▶ [Activity] The answer is the line with "Building Photo - 6721 Eleck Pl" and every line after it to the end of the listing, retyped exactly. Pictures do not belong in it.

▶ [Dataset extract]
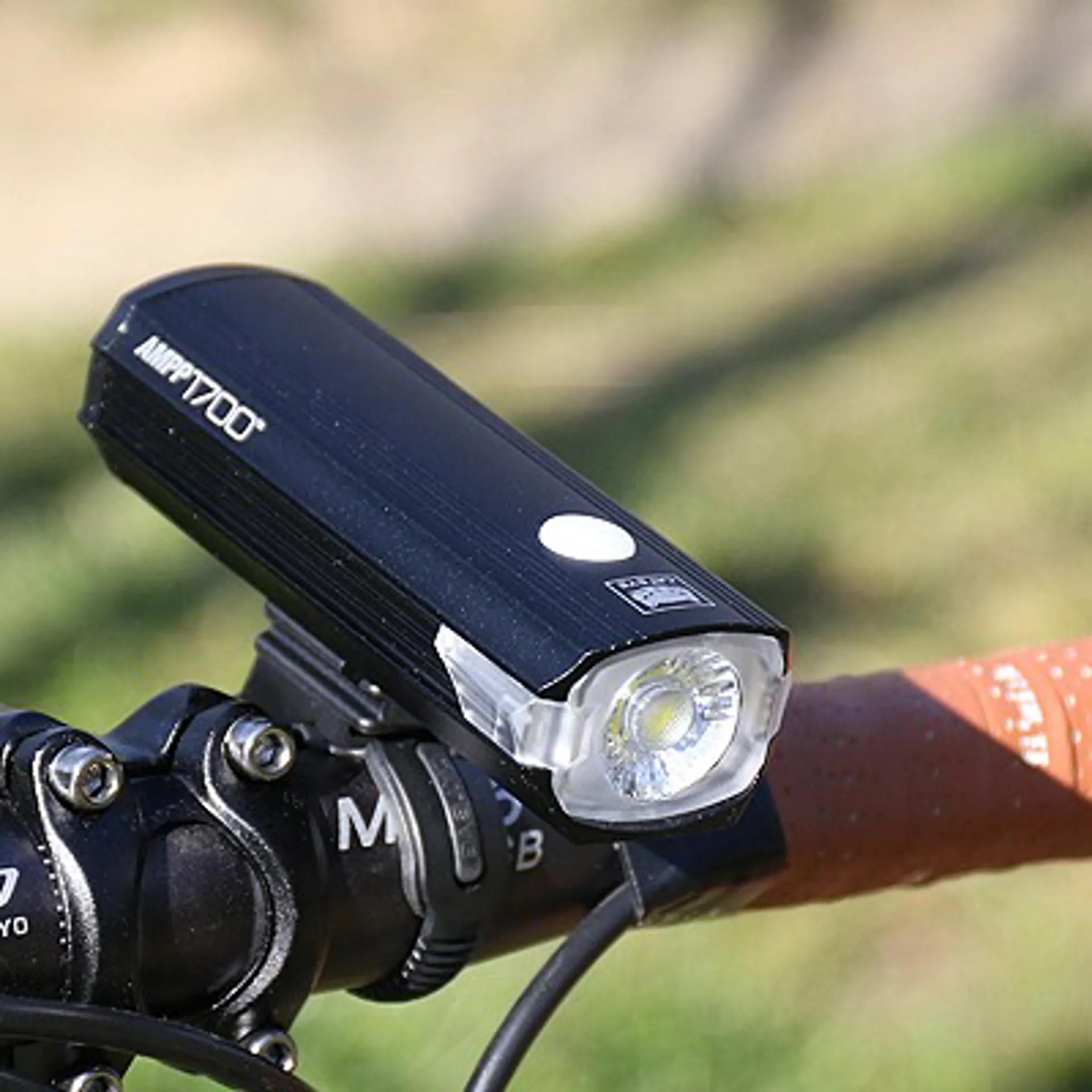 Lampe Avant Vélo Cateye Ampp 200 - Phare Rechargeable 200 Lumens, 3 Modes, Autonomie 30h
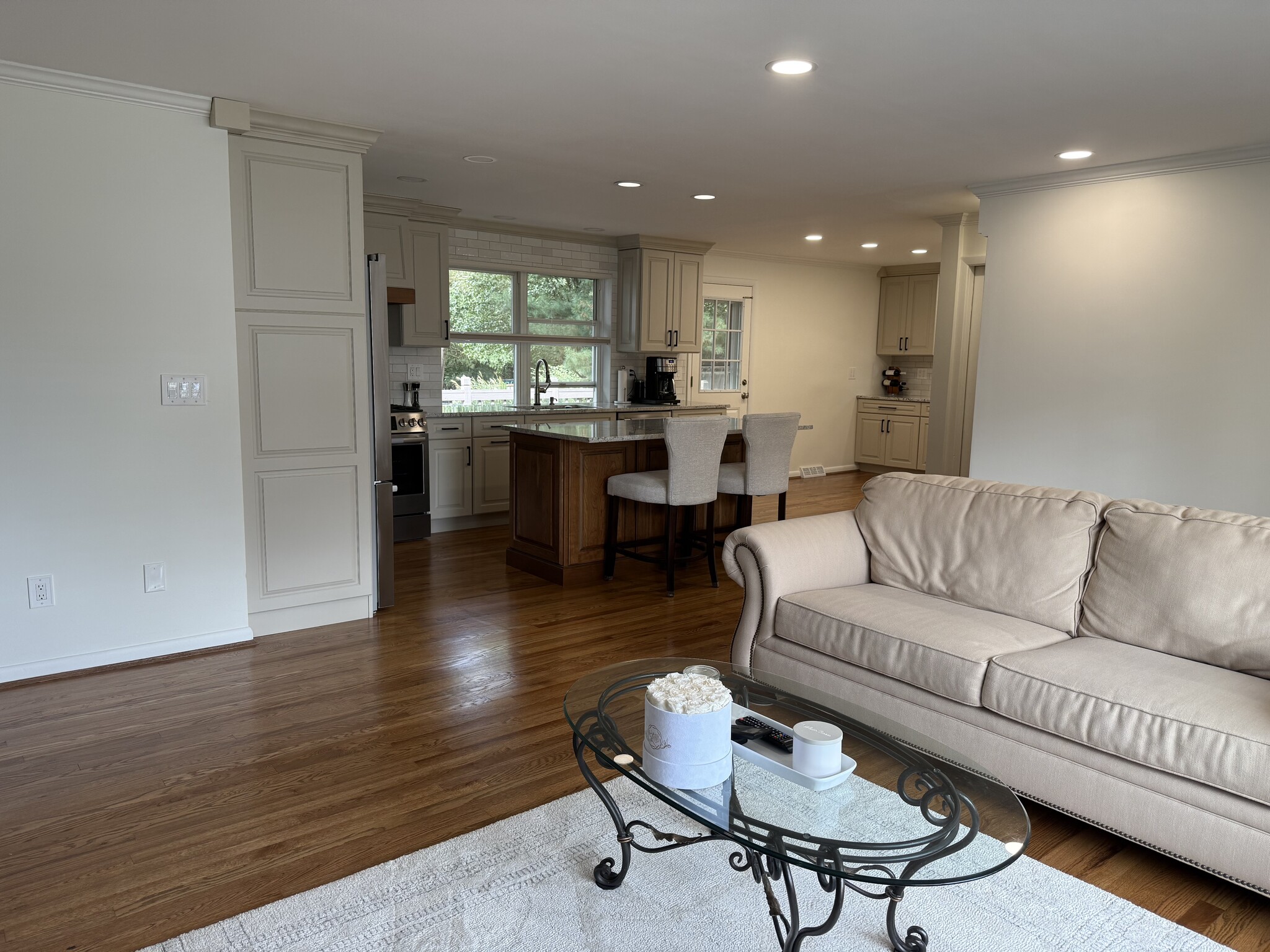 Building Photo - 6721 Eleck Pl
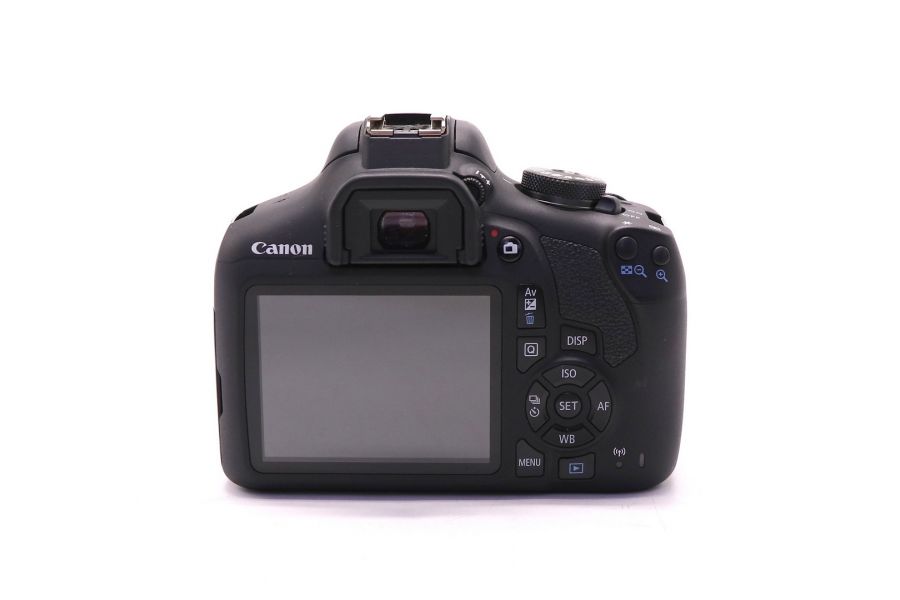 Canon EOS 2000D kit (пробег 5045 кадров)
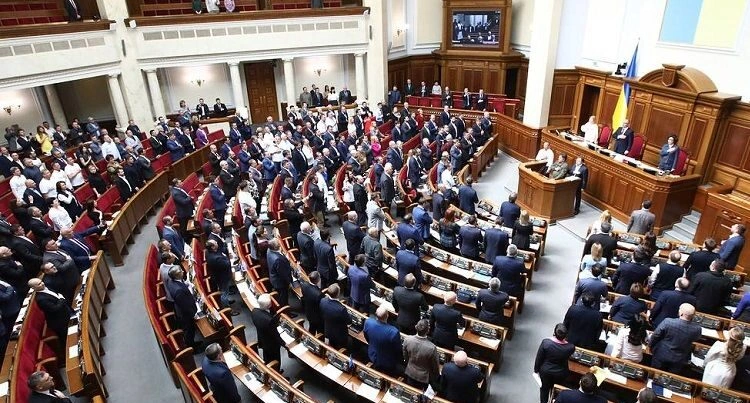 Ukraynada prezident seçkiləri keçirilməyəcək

▶ [Task answer]
 Building Photo - 6721 Eleck Pl
 Canon EOS 2000D kit (пробег 5045 кадров)
 Ukraynada prezident seçkiləri keçirilməyəcək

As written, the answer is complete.